The truck, with its doors wide open to show the customizing, had the steering wheel and console removed and replaced. The seats were replaced with racing seats. It has a 2,500-watt stereo system.
The carpet and headliner were replaced in the interior colors of red and black.
A 2000 Ford Focus with a custom wide-body kit and full air suspension does not go on cruises because it is only four cylinders, said Tim Kroninger of Bethlehem.
He is president of the Impressive Impact car club which raises money for charity - mainly for Dream Come True.
The car is taken to 15 to 20 shows a year. It has an audio and video system. The interior is black leather and blue suede. He proudly says he did most of the work - "It was built, not bought." The color is Deep Sea Blue with silver flakes and purple additives. Kroninger said it looks purple at night, and has a "ton" of lights.
Four-year-old Jayson enjoys accompanying his father to shows but on cruise day he was at a birthday party with Mommy.
Joe and Connie Visnosky of Palmerton bought a'78 Chevy "already fixed up." He has kept it garaged. Visnosky won two awards at the cruise: Best Four-wheel Drive and Boys Choice.
Their showing is limited to cruises and local shows. Son Joey enjoys the shows and accompanies his parents.
Mom and Pops Wineberry Express is a 1923 Chevy delivery van that was rebuilt from patterns and measurements he drew up. It is an original from Martin and Parry of York, Pa. It was shown by Harvey and Janet Beers of Kresgeville and won an award for Best Street Rod truck/sedan.
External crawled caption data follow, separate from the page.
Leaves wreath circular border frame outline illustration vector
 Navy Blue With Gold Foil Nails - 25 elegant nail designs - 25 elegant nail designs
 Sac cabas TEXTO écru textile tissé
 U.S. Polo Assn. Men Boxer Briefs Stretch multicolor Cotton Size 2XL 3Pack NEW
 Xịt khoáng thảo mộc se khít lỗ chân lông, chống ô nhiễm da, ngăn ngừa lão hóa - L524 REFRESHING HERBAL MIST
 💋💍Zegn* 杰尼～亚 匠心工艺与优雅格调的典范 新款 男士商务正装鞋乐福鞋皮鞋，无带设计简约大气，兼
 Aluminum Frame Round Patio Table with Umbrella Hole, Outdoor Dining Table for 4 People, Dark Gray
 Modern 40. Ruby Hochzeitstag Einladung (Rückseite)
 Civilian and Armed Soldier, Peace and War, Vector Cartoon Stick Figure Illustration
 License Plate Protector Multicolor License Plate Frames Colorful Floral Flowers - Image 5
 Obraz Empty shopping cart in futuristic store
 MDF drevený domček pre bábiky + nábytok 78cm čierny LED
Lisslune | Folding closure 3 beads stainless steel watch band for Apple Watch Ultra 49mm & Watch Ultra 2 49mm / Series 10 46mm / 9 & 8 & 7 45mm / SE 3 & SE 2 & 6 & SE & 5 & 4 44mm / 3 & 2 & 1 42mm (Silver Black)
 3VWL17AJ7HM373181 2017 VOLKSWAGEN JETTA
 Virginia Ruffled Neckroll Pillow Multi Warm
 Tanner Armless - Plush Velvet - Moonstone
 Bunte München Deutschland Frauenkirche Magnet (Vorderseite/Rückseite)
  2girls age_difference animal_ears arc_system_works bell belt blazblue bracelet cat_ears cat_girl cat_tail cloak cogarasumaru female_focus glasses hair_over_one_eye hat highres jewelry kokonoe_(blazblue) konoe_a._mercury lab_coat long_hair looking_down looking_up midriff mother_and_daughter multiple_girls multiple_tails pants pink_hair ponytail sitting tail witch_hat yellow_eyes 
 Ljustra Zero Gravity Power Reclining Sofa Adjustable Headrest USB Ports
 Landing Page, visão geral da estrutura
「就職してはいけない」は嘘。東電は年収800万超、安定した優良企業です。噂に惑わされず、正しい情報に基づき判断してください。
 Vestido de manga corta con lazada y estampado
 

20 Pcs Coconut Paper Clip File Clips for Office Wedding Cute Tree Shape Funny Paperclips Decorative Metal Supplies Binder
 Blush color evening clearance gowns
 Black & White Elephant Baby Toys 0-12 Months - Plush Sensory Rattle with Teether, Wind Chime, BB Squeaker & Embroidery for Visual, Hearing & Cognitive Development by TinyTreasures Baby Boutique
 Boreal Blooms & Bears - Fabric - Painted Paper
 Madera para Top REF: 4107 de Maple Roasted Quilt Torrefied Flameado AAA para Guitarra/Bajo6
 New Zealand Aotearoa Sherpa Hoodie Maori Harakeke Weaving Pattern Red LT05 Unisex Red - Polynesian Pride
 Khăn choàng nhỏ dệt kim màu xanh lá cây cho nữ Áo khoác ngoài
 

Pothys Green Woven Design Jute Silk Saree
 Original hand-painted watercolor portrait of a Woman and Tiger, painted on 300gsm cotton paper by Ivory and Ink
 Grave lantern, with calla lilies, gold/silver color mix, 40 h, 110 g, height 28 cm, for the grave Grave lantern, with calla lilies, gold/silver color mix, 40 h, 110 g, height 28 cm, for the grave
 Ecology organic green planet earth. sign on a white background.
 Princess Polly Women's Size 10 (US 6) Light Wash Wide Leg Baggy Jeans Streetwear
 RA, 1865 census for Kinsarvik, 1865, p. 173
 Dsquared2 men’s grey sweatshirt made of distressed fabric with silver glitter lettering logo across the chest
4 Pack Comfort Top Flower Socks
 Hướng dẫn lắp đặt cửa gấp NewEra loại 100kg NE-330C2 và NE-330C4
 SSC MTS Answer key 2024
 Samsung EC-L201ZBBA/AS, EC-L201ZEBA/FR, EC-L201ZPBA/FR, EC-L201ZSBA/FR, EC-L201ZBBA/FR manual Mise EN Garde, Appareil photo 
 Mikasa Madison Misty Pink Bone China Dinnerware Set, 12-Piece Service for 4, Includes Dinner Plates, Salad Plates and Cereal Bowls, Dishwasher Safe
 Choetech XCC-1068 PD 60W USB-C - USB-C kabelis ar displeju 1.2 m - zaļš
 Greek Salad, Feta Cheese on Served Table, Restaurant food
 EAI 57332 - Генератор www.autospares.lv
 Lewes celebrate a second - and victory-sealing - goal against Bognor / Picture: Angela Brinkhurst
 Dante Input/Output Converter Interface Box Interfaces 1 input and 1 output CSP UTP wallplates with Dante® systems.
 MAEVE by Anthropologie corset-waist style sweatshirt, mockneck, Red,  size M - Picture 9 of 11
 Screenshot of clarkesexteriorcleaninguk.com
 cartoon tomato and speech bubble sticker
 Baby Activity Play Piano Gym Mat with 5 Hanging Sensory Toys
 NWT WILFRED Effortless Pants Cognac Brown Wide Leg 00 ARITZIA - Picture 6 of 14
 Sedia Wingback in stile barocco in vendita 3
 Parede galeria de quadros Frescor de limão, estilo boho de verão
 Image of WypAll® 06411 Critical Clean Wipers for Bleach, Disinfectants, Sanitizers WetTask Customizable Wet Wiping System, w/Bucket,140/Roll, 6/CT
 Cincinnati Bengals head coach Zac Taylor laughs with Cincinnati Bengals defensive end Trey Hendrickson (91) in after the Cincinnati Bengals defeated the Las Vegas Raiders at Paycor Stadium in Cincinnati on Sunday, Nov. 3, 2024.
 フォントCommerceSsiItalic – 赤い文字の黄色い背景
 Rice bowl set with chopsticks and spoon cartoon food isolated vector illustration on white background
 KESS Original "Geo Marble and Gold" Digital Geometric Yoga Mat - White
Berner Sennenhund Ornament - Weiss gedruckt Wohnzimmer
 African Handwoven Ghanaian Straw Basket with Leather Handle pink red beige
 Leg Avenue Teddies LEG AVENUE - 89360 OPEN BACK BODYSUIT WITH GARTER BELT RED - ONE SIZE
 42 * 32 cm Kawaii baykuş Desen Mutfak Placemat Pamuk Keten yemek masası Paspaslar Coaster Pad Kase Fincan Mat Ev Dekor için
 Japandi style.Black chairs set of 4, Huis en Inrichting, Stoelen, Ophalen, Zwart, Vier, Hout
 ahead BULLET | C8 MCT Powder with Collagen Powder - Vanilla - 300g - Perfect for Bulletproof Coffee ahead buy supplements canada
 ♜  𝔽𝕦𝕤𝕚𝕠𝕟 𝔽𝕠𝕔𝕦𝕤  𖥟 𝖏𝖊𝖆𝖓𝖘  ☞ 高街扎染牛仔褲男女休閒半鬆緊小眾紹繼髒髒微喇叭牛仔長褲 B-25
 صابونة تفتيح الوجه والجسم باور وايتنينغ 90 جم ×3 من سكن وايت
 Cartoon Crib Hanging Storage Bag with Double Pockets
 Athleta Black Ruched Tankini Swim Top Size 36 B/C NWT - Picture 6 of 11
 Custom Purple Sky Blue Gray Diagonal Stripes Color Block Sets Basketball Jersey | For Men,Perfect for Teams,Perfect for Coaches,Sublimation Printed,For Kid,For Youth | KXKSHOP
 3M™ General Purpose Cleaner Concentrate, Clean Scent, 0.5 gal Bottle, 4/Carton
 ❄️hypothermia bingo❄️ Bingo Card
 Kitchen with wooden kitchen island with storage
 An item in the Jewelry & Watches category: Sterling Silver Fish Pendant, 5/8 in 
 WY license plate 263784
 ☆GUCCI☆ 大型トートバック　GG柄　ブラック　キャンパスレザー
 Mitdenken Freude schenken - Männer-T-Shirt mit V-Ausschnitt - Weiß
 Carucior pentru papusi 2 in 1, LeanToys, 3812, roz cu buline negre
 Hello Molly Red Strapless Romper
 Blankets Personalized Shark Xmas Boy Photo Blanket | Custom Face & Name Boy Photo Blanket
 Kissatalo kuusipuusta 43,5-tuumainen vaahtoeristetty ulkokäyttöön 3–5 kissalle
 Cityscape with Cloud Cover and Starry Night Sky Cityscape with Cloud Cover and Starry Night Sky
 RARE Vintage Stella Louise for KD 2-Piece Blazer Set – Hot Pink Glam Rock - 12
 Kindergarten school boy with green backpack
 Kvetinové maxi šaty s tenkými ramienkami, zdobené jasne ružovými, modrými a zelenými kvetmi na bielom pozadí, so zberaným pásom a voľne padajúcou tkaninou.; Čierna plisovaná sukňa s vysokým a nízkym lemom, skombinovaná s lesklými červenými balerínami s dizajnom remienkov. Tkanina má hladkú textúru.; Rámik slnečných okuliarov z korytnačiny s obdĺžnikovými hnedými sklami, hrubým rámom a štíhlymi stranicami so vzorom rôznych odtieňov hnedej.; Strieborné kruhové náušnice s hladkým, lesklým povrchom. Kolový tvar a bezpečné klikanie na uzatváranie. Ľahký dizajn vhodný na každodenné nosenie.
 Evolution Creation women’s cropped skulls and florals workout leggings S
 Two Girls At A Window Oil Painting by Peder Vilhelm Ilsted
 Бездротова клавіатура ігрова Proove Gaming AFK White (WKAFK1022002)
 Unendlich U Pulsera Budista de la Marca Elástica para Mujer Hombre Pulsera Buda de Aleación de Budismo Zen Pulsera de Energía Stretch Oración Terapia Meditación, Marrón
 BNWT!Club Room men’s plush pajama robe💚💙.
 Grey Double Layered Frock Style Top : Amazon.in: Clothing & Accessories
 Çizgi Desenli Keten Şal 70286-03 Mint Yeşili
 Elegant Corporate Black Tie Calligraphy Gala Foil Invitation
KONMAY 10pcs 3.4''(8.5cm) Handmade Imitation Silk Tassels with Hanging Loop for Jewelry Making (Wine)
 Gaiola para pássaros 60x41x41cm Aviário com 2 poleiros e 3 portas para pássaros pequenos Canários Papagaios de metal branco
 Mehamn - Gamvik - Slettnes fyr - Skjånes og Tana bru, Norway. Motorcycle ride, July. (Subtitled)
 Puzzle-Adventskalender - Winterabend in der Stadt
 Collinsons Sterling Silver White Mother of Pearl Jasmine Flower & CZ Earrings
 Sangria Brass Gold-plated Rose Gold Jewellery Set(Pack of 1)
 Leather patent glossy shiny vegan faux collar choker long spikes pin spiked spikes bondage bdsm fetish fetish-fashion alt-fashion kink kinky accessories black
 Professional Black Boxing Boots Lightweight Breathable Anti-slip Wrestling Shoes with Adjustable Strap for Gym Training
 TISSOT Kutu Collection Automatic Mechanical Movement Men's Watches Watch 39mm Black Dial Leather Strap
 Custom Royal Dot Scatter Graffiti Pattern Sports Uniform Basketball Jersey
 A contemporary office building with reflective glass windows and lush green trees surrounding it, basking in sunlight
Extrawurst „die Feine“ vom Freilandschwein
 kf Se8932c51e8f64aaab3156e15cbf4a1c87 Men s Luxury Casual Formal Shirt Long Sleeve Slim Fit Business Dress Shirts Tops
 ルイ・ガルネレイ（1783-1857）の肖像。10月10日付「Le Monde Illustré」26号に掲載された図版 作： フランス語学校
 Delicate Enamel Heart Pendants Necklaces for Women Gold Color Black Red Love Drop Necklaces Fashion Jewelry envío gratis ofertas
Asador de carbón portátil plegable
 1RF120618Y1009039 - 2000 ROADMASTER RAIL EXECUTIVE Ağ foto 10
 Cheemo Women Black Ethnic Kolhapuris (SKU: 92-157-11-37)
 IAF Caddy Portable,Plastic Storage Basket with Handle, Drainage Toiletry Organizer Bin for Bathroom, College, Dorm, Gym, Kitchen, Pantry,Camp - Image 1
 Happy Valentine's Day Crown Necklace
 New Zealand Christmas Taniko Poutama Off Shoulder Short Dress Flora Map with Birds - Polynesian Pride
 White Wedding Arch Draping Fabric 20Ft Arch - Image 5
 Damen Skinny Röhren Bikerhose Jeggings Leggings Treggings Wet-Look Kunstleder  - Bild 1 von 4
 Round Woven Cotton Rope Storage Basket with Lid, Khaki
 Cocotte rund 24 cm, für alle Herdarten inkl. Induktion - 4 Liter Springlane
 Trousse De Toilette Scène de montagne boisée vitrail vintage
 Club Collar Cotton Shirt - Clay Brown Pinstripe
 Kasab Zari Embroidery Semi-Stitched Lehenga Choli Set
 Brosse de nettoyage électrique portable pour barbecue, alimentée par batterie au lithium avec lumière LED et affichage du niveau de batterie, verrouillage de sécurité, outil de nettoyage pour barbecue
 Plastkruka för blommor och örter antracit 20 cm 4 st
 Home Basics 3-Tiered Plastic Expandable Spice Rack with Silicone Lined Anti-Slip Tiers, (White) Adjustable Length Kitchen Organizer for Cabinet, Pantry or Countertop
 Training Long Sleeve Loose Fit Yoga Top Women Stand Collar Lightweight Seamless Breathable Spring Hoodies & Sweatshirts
Heidi Lutz, marketing director at Blue Mountain Ski Area, said the festival is a fun event for the entire family. There is face painting, greyhounds to be adopted, a lumberjack show, sky rides and many inflatables for children to jump on, all without charge. A wagon pulled by a team of miniature horses was giving free rides.
A craft fair was inside and there were horseshoes to play. "I like it when things are free," said Lutz.
Along the street was vendor after vendor offering a variety of foods. After all, the festival is also billed as a Farther's Day picnic.
The evening ended with fireworks.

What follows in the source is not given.